O George Soto – TheBullyCampline; Ed Shepherd – Daxline, para quem curte Gottyline; são referencias de criadores que merecem respeito.

No Brasil admiro alguns criadores, como: Leonardo – Pride Kennel; Germano Lavigne; Rudney e Ronaldo – US Bully Force, que para mim são os pioneiros; Gustavo Martinelli – Red Scout. O Brasil tem uma infinidade de bons criadores, que não me vêm todos agora na memória, temos um celeiro repleto.

Com relação a cães, tem um cão que eu gosto muito: Mr Magoo, que gosto demais; Boss, um cão tricolor, creio que filho do Phenom, um cão americano; gosto bastante do Phenom, sua produção em si.

Aqui no Brasil gosto de alguns exemplares: Anthrax é um cachorro que gosto bastante; Puma também; gosto bastante do meu Little Boy; Cash II não tem como não citar, vejo como um grande ícone da raça; Viper, acho um excelente cão; Ruffus Scheffer, do Cadu; Whats Pride, do Leonardo.
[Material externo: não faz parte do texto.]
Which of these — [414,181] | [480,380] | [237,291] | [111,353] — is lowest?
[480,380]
Tem vários cães que me agradam bastante. São cães que, se eu não usar diretamente, terei netos ou algo do gênero no canil.

Litlle Boy

9) Você vem de uma época em que só era possível ver cães ao vivo ou através de revistas e fotos. Então, qual a importância das ferramentas de Internet e Redes Sociais para a criação?

Sou de um tempo onde vender um filhote levava uma semana para tirar e revelar a foto, enviar pelo Correios, se a pessoa não gostava eu tinha de mandar a foto de outro filhote. A questão de máquina fotográfica era muito limitada, ao revelar uma foto, não saia nada do que você imaginava ou queria mostrar.

A Internet foi a grande responsável pelo aumento da popularidade dos cães, em todas as raças, na cinofilia em geral, e isso tem o lado bom e o lado ruim. Vários criadores hoje, quando se diz na parte prática e o dia-a-dia, a lei do acerto e do erro, acabam sendo desvalorizados.

Penso que um criador com 17 anos de criação, 20 anos de criação, 25 anos de criação, tem de ser respeitado por que já errou muito. O que ele está fazendo hoje, e vendo como acerto, tem uma carga muito forte. Se for contar só com o Google para achar que vai acertar, você até pode, vai ver bons cães e cruzar.

Tudo se torna muito fácil, mas para fixar o pé no chão como criador, criar uma linha de sangue, trabalhar em cima de algo, tem que trabalhar na lei de acertos e erros e isso a Internet não te dá.  A Internet foi a grande responsável pelas informações e facilidade. Hoje em dois minutos você vende um cachorro, divulga, faz um vídeo e rapidamente todo mundo conhece.

Você abre um computador e o mundo da cinofilia está ali, todas as informações, sendo elas corretas ou erradas, estão à sua disposição.

 

10) Deixe uma mensagem final para quem está lendo essa entrevista.

Depois de um tempo de criação, o que eu teria de aconselhar é que, antes de comprar cachorro vá conhecer ao vivo. Fotos e vídeos são diferentes de se ver o bicho andando, ver a expressão, conhecer o criador. Hoje o Brasil está bem à frente (em relação ao passado da raça) com os eventos que estão acontecendo.

Às vezes, em uma única viagem, você acaba conhecendo vários ícones da raça, tendo uma real referencia do que você gosta ou não gosta, do que vai usar e implantar no canil.

Então, antes de você juntar dinheiro para comprar um cão, junte um dinheiro para ir ver, e idealizar, o que realmente quer.

Por que muitas vezes você compra um, dois, três, quatro, cinco cães e ao se deparar com um bom cão percebe que jogou dinheiro fora e tudo poderia ter sido diferente.